Type of medical imaging

Breast ultrasound is a medical imaging technique that uses medical ultrasonography to perform imaging of the breast. It can be performed for either diagnostic or screening purposes and can be used with or without a mammogram. In particular, breast ultrasound may be useful for younger women who have denser fibrous breast tissue that may make mammograms more challenging to interpret.

Automated whole-breast ultrasound (AWBU) is a technique that produces volumetric images of the breast and is largely independent of operator skill. It utilizes high-frequency ultrasound to help perform a diagnostic evaluation of the lactiferous ducts (duct sonography) and make dilated ducts and intraductal masses visible. Galactography is another technique that can be used to visualize the system of lactiferous ducts and allows a wider area to be visualized.
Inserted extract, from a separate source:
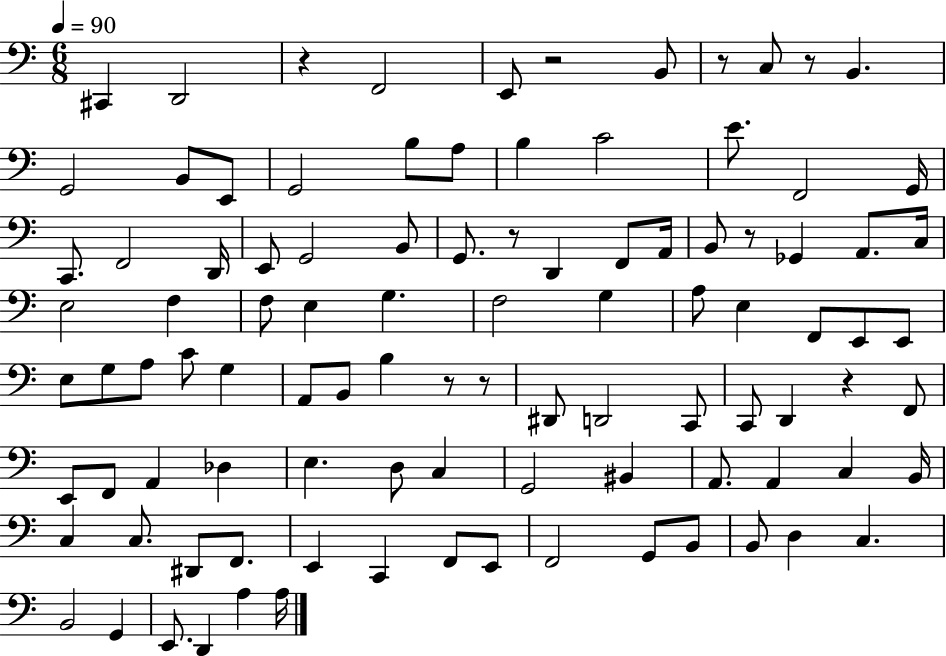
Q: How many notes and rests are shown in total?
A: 100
Elastography is a type of ultrasound examination that measures tissue stiffness and can be used to detect tumours. Breast ultrasound is also used to perform fine-needle aspiration biopsy and ultrasound-guided fine-needle aspiration of breast abscesses.

Women may prefer breast ultrasound over mammography because it is a painless procedure and does not involve the discomfort of breast compression present in mammograms.

Breast ultrasound is typically performed using a frequency of 7 to 14 Megahertz, and may also include ultrasound of the axillary tail of the breast and axillae to detect abnormal nodes in the axilla, as lymphatic drainage of parts of the breast occurs through axillary lymph nodes.